◆ Exercise brief: Below are records with pictures in them. Transcribe everything from the line containing "Funny Raccoon Rock" down to the line containing "VEVOR Office Chair", exactly, and leave the pictures behind.

◆ Records for this task:
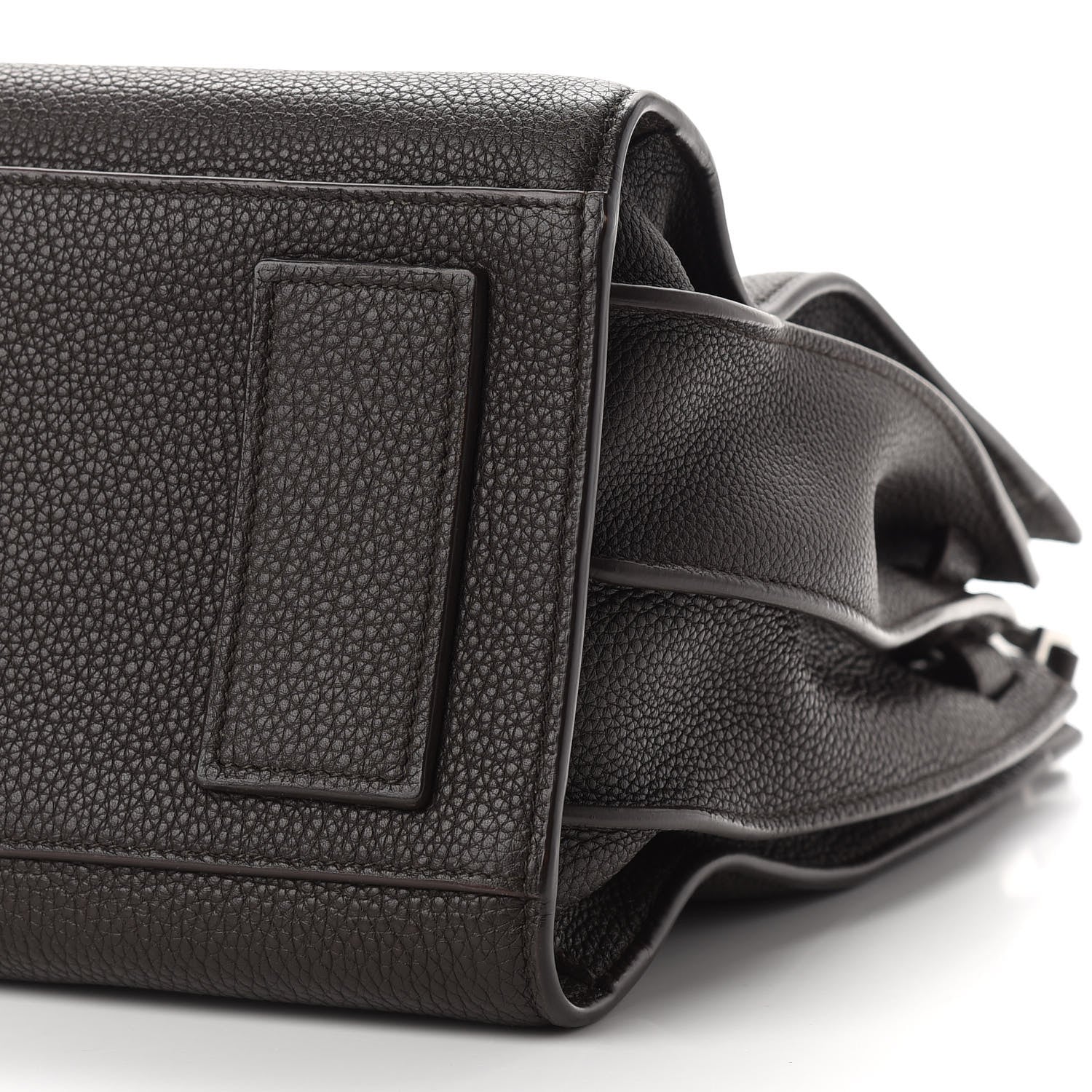 Saint Laurent Grained Calfskin Small Supple Sac de Jour Dark Brown 8 of 9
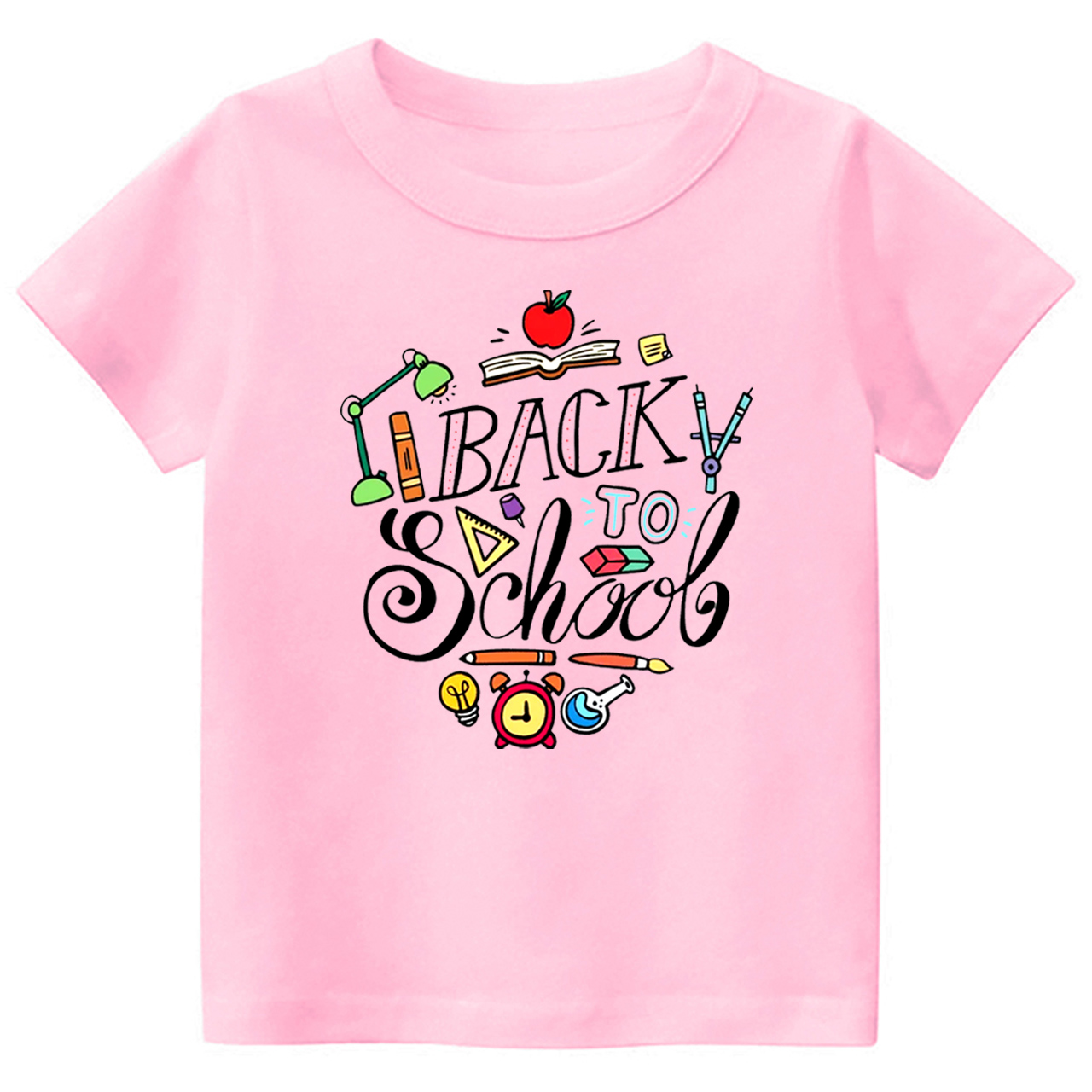 Cute Cartoon Back To School Kids T-shirt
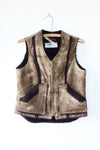 Fitted Faux Shearling Vest S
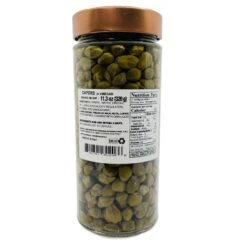 Cinquina Capers In Vinegar, 11.3 Oz | 320g -Piccolos Gastronomias IMG 3106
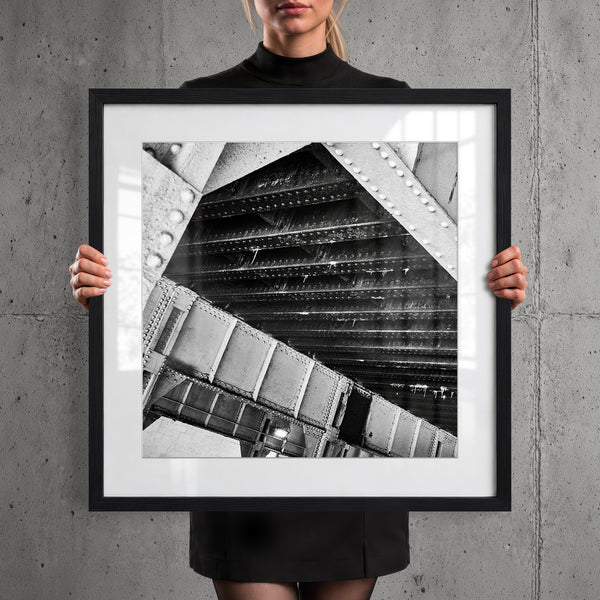 Mise en situation — Tirage d'art noir et blanc Inner City 1, Chicago, PRLXY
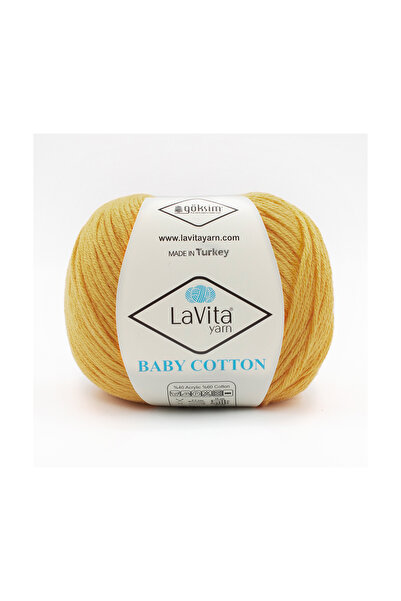 LaVita Yarn خيط قطن للأطفال أميجورومي وخيط حياكة يدوي 40% أكريليك 60% قطن 50 ...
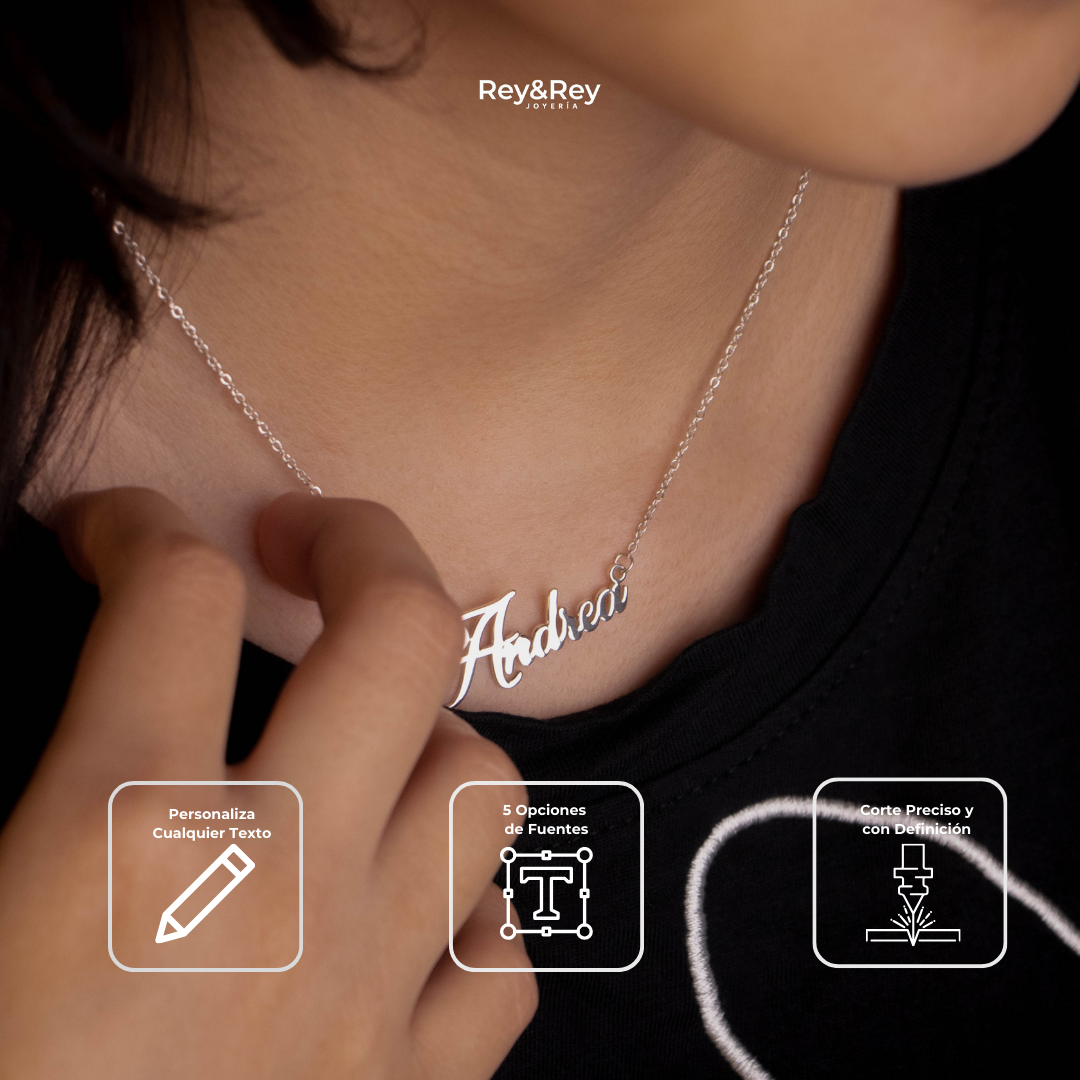 Collar Classic Personalizable Plata .925 Primerly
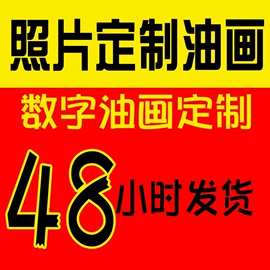 DIY/数字油画;美术颜料;相框、画框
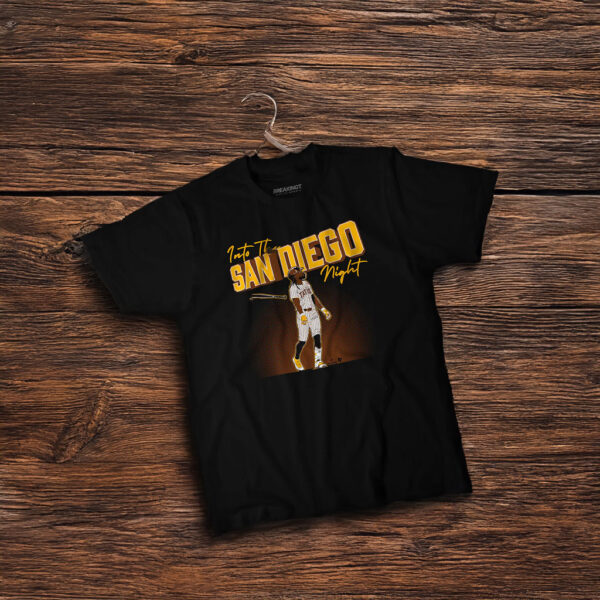 Fernando Tatis Jr: Into the San Diego Night Shirt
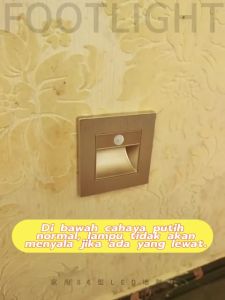Anbolt Lampu kaki sensor Lampu Tangga Dinding Step LED Step Light Lampu LED Waterproof Lampu Dinding Lampu Koridor Koridor Tertanam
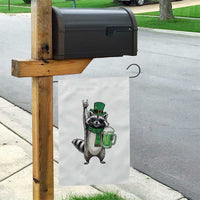 Funny Raccoon Rock On Garden Flag St Patricks Day Gift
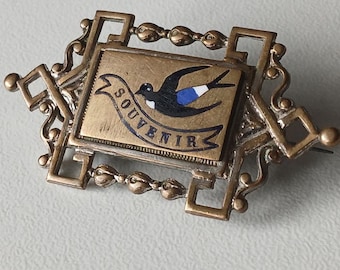 Charming Art Nouveau Brooch – A Lively Touch of Edwardian Transition!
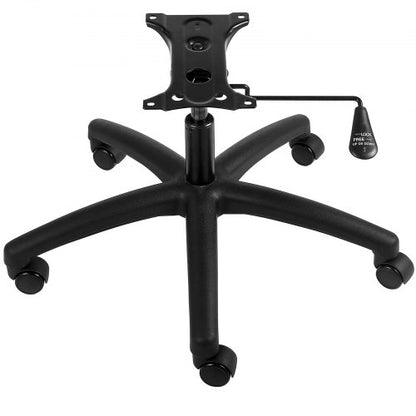 VEVOR Office Chair Base Replacement, 28", 2500 lbs Static Load, Heavy Duty Universal Computer Desk Chair Stool Base Part with 5 Casters, Gas Cylinder & Seat Plate, Desk Chair Base Replacement, Black - BGYDZPJ28SLDTH47VV0 - view 2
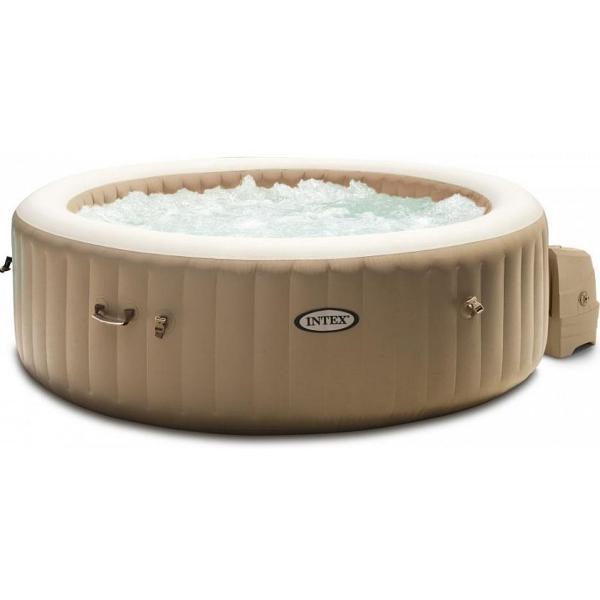 Intex 28428NP Nafukovací vířivka Purespa Bubble Massage Olive green (pro 6 osob)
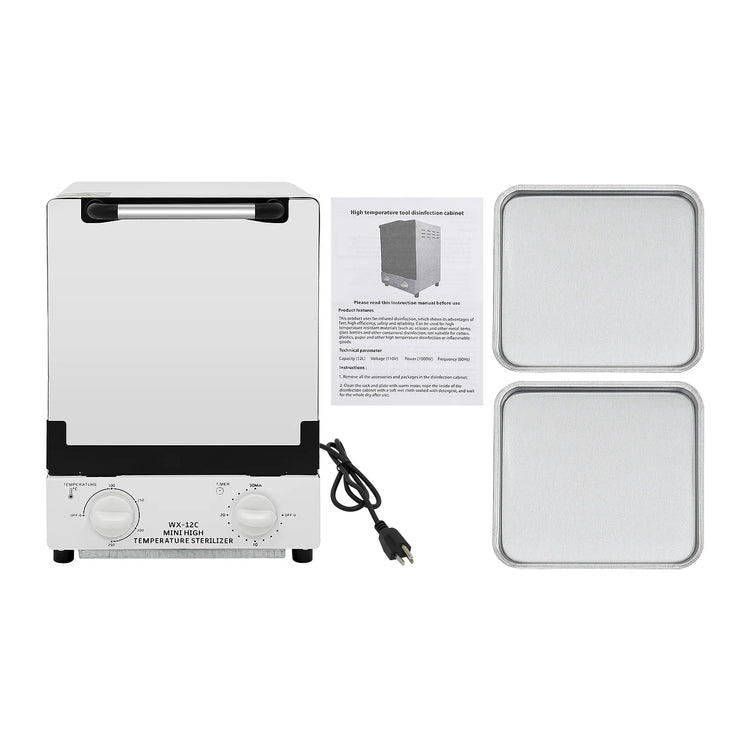 1000W Metal Tool Sterilizer Nail Tool Cleaning Sterilizer Cabinet High Temperature Cleaning Box Dry Heat Sterilizer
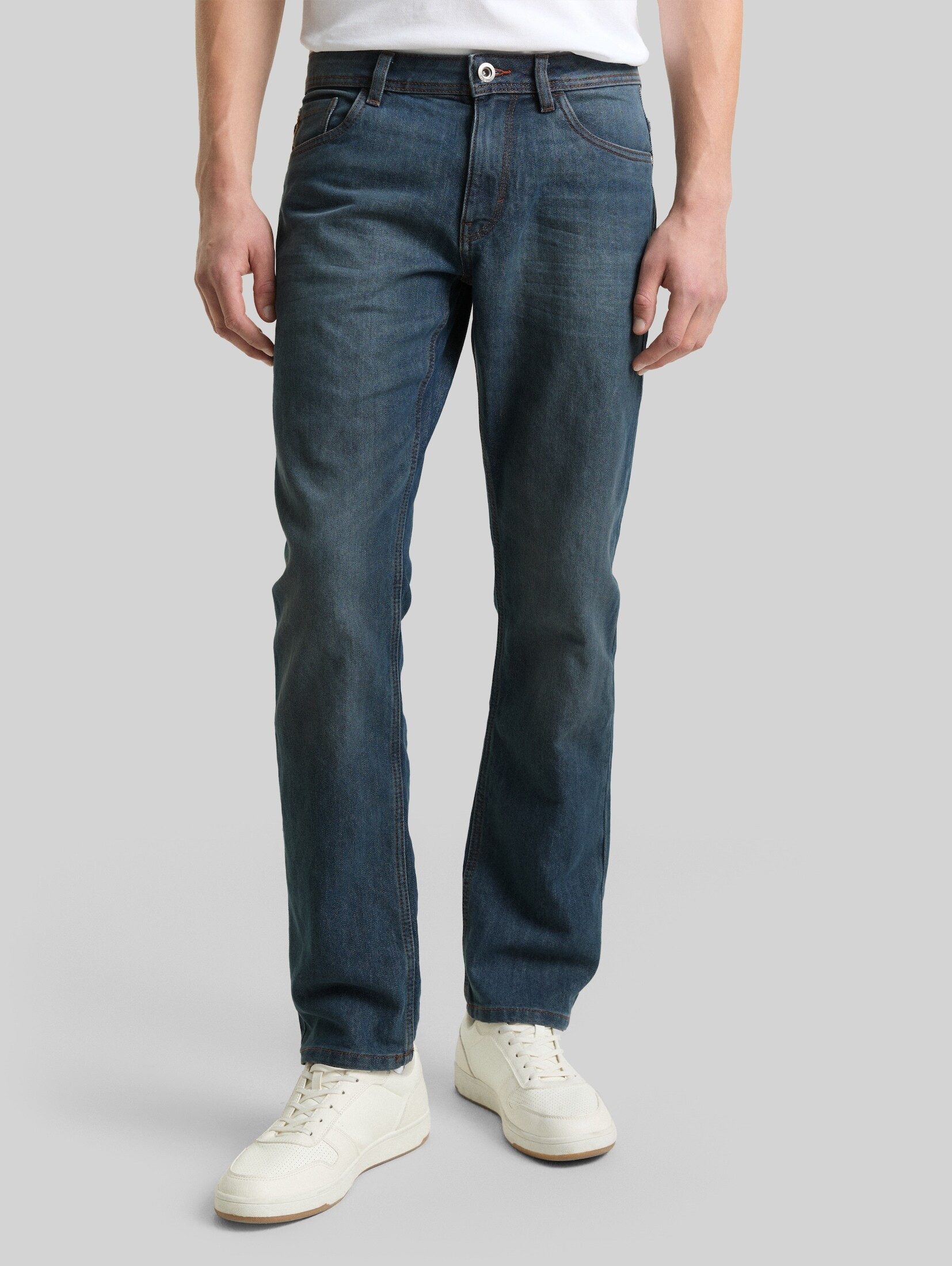 TOM TAILOR Straight-Jeans Jeanshosen TTMARVIN STRAIGHT Jeans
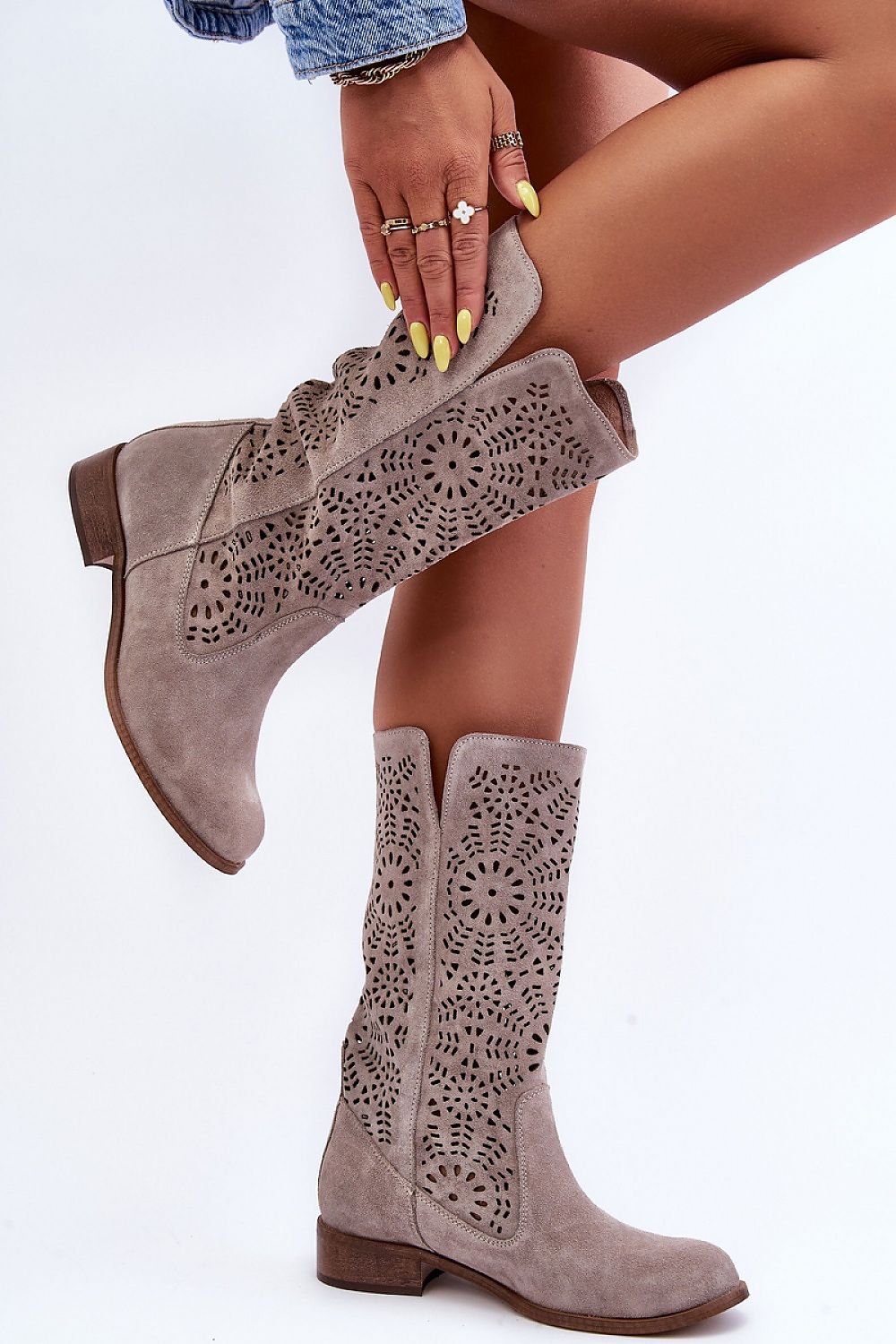 Openwork boots model 184037 Step in style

◆ Response:
 Funny Raccoon Rock On Garden Flag St Patricks Day Gift
 Charming Art Nouveau Brooch – A Lively Touch of Edwardian Transition!
 VEVOR Office Chair Base Replacement, 28", 2500 lbs Static Load, Heavy Duty Universal Computer Desk Chair Stool Base Part with 5 Casters, Gas Cylinder & Seat Plate, Desk Chair Base Replacement, Black - BGYDZPJ28SLDTH47VV0 - view 2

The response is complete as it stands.